Notice the Experiential Learning Cycle in this next example:
Kathrine was a three-legged cat. She loved to go to the park. It had been a while since she went to one. “Parks are the best,” she said. “Tomorrow, I will go to the park.”
Ok, this is a silly example. But notice how the first sentence doesn’t involve any analysis (not that she’s a sad kitty, a lonely kitty, a hurt kitty; these are assumptions one could make about a three-legged cat, sure, but not concrete description). Since the first sentence doesn’t state any analysis, it allows the reader to form her opinions. Once the reader is grounded in concrete reality and her own opinion, now the next sentence can add an internal dimension to the story, analysis. We aren’t shown that Kathrine love the park, only told that she does. Were we inclined to continue the description in-action, we could have written “She gazed at the frayed edges of a post card depicting Washington Square Park, and imagined herself there.” That might have alluded to her love of parks, even alluded to her putting off a park visit (“frayed edges”). The following sentence: is it description or analysis? One might assume because time is given, it’s objective description. But the fact that we’ve written “been a while since” gives it airs of analysis. No concrete specific time is given, so this sentence is analysis. Note the difference in this descriptive sentence: “It had been three years, four months, two weeks and five days, since Katherine’s last visit to the park.” With it we were able to provide precise temporarily, while still hinting at Kathrine’s feelings, without dictating as an author with a simple “It had been a while since.”
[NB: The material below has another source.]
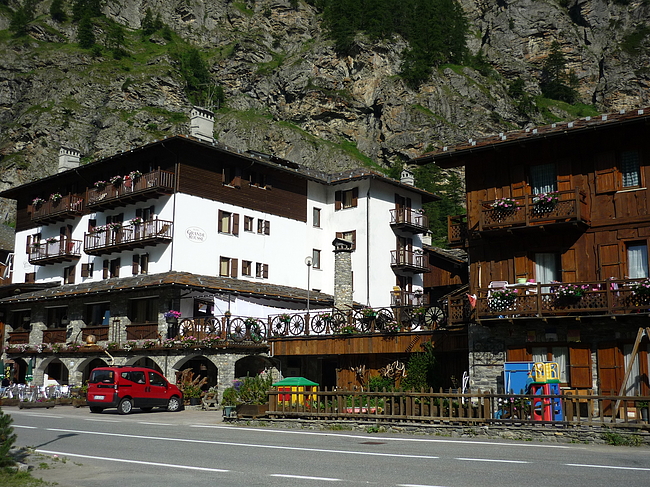 Albergo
The next to sentences are “Generalization,” and “Plan of action,” and they follow the Experiential learning cycle. As you’ll have gathered, modern prose seems to prefer strict “description”-based writing (“Show, don’t tell.”). But an agile write will recognize, and utilize all four modes of writing.
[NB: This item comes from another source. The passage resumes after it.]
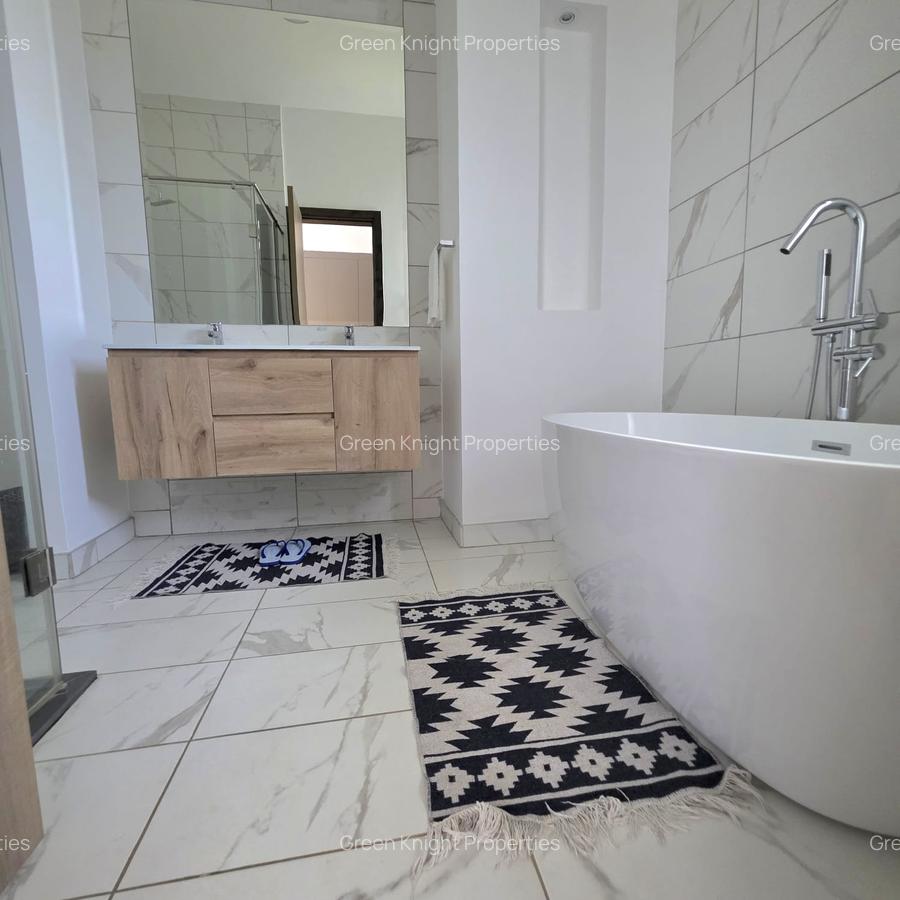 Serviced 2 Bed Apartment with En Suite in Rosslyn - 16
Can you write a four to six sentence story, using all four of the Experiential Learning Cycle modes? Write it in the comments below.
Even better, do you have a moment in your life that spirals you downward? Try writing concrete description (difficult, but not impossible), and only then adding your analysis to it. Add your generalizations and truisms about life as a third step, to guide you toward a fourth and final step out of your depression.